Friday, 30 September 2022

There is no shame in being where you are

My brother is the first-born, and I think first-born children give birth to parents - before that child was born the parent was an another adult. The younger child, that would be me, is an also - they are a lot of fun, they are a pain in the butt but they are not the person whose arrival changed everything. And they know it. I know it. Of course everything changed when I left home, and my mum and my dad hated it - but it surprised me. I have known all my life that I am incredibly loved, I am the proverbial cherry on top of the ice-cream, and that I am as inconsequential as the cherry on top of the ice-cream. It is a feeling that is really hard to shake. Anyway, also being single for so long - I don't have a strong sense of responsibility or consequence. I somehow go thru life like a field mouse, not shaking the grass*.  Perhaps, I actually don't but I feel like I do. 

(And well, for my sins, when I got my first job, my Uncle told me that I got it because I was lucky, not because I had completed a PhD** on scholarship within 4 years and had successfully ran a conference as a volunteer, all the while dropping my primary school going cousin to school every morning and picking him up half of the week as well., but because they needed to meet the gender balance and I got lucky. It didn't help that I had a god-awful miserable manager and who wanted to clone and hire himself and instead got me.) This would have been nothing except that it strengthened a mean voice in my head - what does it matter, its not like anybody expects/relies me to do much anyway***. To give him credit, when I told my brother this, he said my uncle was an idiot and I should ignore when people talk about rubbish.   
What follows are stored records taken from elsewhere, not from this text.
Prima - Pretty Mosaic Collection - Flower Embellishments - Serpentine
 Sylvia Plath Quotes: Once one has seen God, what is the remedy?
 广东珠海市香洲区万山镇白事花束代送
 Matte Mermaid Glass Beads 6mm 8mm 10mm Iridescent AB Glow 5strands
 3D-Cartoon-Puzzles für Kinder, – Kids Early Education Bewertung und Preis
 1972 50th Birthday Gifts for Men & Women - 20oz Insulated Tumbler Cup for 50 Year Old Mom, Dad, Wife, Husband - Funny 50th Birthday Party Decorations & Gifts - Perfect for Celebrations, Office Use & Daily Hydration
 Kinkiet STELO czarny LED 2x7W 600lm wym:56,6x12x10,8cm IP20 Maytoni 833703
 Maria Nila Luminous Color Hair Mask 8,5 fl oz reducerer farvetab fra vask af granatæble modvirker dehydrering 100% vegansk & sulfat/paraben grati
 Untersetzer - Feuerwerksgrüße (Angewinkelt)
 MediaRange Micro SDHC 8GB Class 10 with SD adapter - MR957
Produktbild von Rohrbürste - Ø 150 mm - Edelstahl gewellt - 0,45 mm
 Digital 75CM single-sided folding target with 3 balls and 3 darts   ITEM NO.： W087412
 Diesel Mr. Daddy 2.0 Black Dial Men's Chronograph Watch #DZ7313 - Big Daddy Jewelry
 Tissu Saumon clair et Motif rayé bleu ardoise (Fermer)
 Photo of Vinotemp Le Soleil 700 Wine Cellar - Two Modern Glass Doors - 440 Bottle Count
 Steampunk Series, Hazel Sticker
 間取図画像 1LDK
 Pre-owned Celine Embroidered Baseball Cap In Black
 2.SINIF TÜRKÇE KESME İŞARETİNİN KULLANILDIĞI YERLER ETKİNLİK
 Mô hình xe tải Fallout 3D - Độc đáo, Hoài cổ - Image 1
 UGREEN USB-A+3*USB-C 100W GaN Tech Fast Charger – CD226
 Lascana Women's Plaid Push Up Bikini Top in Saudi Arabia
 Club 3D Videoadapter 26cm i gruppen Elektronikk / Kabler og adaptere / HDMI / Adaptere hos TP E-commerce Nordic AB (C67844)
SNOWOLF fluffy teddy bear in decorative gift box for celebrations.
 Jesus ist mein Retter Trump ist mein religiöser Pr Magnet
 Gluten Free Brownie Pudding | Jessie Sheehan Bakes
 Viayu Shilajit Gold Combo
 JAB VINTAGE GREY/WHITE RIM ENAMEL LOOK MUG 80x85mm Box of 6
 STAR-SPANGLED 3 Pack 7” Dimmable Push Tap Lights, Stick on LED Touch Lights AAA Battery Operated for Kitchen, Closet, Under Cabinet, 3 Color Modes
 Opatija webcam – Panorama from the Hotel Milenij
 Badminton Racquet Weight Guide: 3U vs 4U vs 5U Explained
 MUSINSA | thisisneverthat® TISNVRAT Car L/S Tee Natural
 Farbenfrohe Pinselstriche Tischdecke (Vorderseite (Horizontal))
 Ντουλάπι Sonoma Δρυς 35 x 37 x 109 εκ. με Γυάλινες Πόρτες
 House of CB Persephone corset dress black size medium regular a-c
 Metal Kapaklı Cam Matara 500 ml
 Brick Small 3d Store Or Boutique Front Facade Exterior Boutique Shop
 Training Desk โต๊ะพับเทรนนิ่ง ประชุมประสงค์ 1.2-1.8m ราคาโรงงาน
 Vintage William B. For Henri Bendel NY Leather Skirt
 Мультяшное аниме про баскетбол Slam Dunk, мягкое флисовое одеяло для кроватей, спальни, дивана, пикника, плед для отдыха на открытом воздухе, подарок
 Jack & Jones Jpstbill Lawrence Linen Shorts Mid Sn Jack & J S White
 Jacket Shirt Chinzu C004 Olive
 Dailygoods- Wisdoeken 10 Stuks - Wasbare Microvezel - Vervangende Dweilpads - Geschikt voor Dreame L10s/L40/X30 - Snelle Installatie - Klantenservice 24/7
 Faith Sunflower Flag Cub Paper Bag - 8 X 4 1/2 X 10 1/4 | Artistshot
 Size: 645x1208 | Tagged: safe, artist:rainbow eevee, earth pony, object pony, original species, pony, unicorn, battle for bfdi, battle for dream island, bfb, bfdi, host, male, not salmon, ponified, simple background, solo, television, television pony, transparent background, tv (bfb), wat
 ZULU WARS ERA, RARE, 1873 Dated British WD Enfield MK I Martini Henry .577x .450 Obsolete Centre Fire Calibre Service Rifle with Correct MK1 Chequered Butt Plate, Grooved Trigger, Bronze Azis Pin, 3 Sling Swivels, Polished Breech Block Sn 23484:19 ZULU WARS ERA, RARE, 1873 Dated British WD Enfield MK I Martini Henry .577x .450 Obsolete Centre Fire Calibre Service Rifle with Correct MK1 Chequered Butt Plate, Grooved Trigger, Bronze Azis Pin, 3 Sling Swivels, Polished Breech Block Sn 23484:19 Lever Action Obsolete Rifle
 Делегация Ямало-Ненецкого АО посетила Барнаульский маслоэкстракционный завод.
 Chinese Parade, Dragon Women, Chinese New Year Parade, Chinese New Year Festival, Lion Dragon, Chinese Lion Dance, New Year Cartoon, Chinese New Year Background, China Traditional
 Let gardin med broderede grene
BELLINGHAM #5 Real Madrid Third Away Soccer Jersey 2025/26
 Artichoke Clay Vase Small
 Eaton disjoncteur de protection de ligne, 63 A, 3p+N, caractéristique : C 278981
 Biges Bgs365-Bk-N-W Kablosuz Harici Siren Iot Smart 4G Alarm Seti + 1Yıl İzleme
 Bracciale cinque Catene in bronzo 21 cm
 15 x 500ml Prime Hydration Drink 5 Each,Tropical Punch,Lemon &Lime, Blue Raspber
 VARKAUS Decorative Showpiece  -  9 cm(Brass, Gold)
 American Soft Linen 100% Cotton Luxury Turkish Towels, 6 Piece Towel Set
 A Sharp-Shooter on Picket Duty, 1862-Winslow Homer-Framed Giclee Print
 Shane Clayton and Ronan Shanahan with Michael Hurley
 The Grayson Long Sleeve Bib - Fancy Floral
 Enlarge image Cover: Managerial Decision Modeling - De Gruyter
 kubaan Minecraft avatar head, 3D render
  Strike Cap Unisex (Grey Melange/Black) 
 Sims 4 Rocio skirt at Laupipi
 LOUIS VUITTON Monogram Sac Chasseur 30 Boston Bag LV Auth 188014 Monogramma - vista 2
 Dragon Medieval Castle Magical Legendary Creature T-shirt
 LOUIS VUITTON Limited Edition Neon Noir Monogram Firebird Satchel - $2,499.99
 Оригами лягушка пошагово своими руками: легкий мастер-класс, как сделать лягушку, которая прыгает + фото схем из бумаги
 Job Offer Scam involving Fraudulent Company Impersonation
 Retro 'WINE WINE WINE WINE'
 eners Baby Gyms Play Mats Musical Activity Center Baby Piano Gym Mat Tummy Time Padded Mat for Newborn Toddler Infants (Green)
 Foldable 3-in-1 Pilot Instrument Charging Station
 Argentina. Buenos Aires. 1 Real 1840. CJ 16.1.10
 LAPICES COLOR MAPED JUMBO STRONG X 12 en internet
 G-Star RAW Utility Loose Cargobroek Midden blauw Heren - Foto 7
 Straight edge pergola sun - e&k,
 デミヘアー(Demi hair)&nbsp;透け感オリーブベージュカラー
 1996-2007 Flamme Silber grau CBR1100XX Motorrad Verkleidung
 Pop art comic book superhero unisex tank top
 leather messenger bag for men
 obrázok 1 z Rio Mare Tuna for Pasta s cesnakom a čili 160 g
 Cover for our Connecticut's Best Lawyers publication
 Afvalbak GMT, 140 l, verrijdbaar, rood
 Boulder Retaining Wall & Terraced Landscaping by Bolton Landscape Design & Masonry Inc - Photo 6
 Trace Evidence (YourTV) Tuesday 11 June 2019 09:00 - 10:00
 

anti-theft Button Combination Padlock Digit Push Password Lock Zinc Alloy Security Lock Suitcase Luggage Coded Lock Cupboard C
Anyway, that was a really long preamble to say that my brother works really hard, is smart and good, leads a big team at work and I trust him to give me good advice. So when he heard (via Mum) that I was having a hard time at work recently what with being so sick that I spent an entire day reading a report and not understanding a word of it (it was insane that the same report made sense in less than 10 minutes the next day), and then being so new that everything has been taking much longer to do anyway, he told me to put 20 minute timers and just focus for 20 minutes at a time. and if that is hard put a 10 minute timer, and if that is also hard, just put a 5 minute timer. No shame in putting a 5 minute timer. After wasting yesterday putting 20 minute timers and not getting anywhere with them, today I tried 5 minute timers - and I could focus for 5 minutes. 

And it made me think, there is no shame is being where we are, there can be no shame is being where we are. If we can't even be curious about where we are (without judgement ie beating ourselves up about it) how will we ever find the head-space to navigate our way to anywhere else? And if we consider that careers are marathons, not sprints, then an occasional bad day might not be such a big deal after all. 

So here is to 5 minute timers!! And good siblings!! And being curious about the voices in your head and owning your story so you can change it!! Here is to life, love and being a force for good!!

  



And the days are not full enough
And the nights are not full enough
And life slips by like a field mouse
                     Not shaking the grass.

Ezra Pound

** PhDs had a completion rate of 2% when I was a student.
*** This voice is such a strong part of me that when I write a really important report I tell myself that I am writing a draft.